I have three low-level segments:
- the virtual machine-->native processor layer (which is very thin; it's
essentially only a specification of which registers hold which stacks, and
what registers are preserved on task switches, and how I implement the
processor's native instruction set as though all of the instructions were
stack based -- for example, "ADD reg, reg" becomes "POP BX/ADD AX, BX" (or
something like that).
- the quotation system (which defines a 'function structure' and provides
ways of accessing its fields and compiling natively the function it
indicates; the function structures contain properties such as profiling
data, frequency of calls, and so on; this layer is also written in processor
dependant code).
- the main system (which contains, amongst other things, several different
optimizers and code generators, all parameterised based on values in the
layers below, as well as a profiler to drive the use of the optimizers).
>You have a tiny translation layer, or you're falling victim to the
>incomplete implementation fallacy?
Well, there are two systems like this that I know of which have been in
commercial use for five to ten years now. Add a third, if you count Elate
(which uses a similar design but with a slightly different emphasis on the
underpinnings).
>How big is your standard library going to be?
If it includes everything TUNES wants, infinitely large. However, I expect
it to fit on a floppy.
>What fraction of that is your minimal interpreter?
0. Okay, seriously though, it'll be very small; perhaps we'll be able to
get it down to half a K of processor-specific executable code, plus another
512 bytes of parameters. Add in the boot sector, and that's all the
nonportable code.
>How big is a mature implementation of your
>interpreter going to be?
Hard to say, because although the VM I discussed above contains an
interpreter, there's also languages above that; for example, there's one
which contains the same basic features of the VM language, but with the
addition of complex data structures and garbage collection.

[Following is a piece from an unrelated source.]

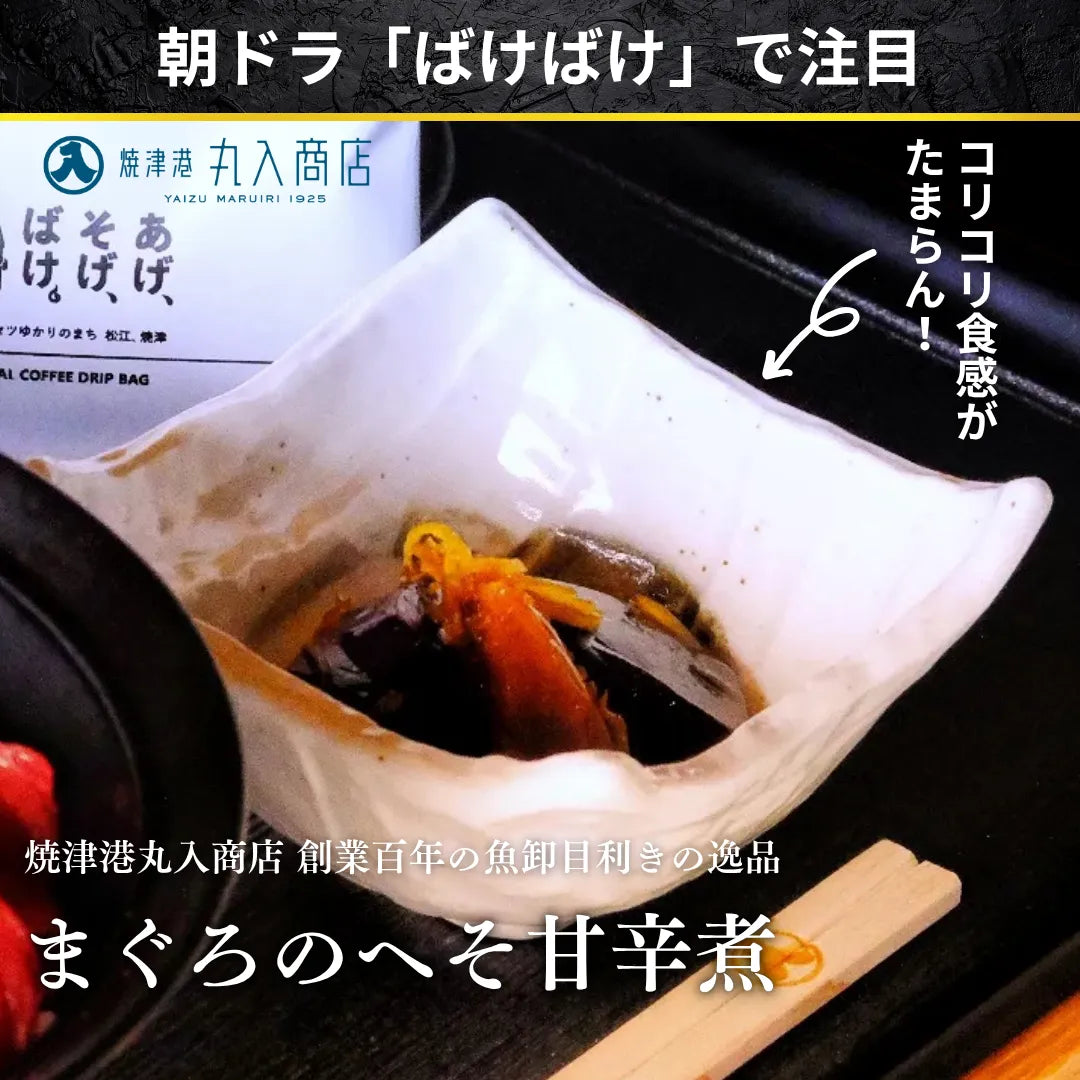 2025年10月21日放送、NHK「午後LIVEニュースーン」にてご紹介いただきます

The most basic interpreter, though, including all appropriate libraries and
data, will total about 256K -- at any rate, it WILL fit on a floppy disk,
because I Have Declared It ;-).
>How many things is it going to do internally,
>how many will be pushed into required standard functionality to perform
>the same task?
I don't know what you mean by "standard" there, but anything done by the VM
will be the Right Way to do things. Any code which re-impliments a feature
of the VM is broken :-).
>Concerns over how big an 'unabridged' edition of the machine would be
>have some merit, but not as much as you're attributing to the issue.

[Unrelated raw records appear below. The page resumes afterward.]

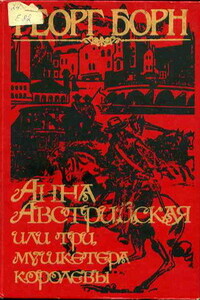 Анна Австрийская, или Три мушкетера королевы. Том 1 - Георг Борн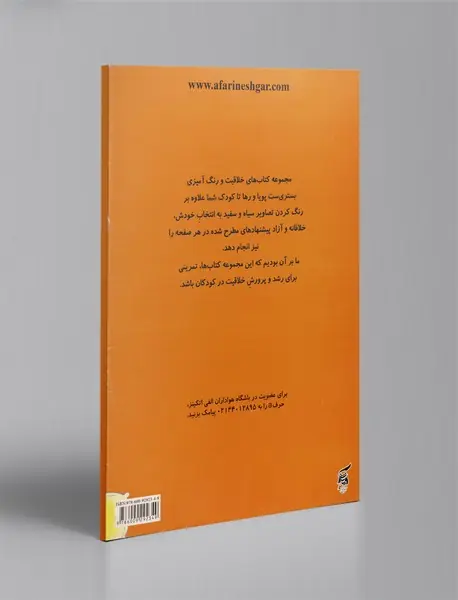 الفی اتکینز نمی‌خواهد بخوابد!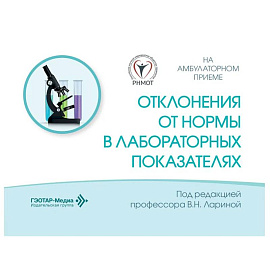Отклонения от нормы в лабораторных показателях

Okay, here's the concern I'm expressing: contrary to your statement, I
believe that my optimiser, with or without metainformation, will produce
compact, efficient code. I base this opinion on systems similar to mine,
such as Quartus Forth and 4THCOMP.
>There is no requirement that a compiler issue, or the
>interpreter honor,
>any optional data. If the optional data represents 80% of the
>dictionary,
>and 90% of the implementation complexity, who really cares? All I've
>done
>is provide a formal vessel into which optional tools can place their
>data, in an attempt to avoid ad hoc formats. What does that hurt?
>Nothing, according to the industry examples I can find.
Our discussion used to be about a language which _required_ parameter names
to be included in every call. I don't know what you're discussing now, but
it's definitely not the same thing. Could you provide an URL, or give a
description of what you're talking about?
>Different environments will contain a different subset of the content
>handlers for the language. My deployment environments won't care about
>debug data. My dev environment will. My palm pilot doesn't care about
>MPP or high precision math or vector math, or advanced speed-for-space
>tradeoffs. My workstation doesn't care about space-for-speed
>tradeoffs,
>but when I'm downloading a new multiplayer game off the net, I'd much
>appreciate if it was usable the first time I ran it. No VM I know of
>is giving me that.
Check out Elate, formerly known as Tao OS, at
http://www.tao.co.uk/2/tao/index.html. Very cool. Very similar to what Sam
and I are building, and does exactly what you say.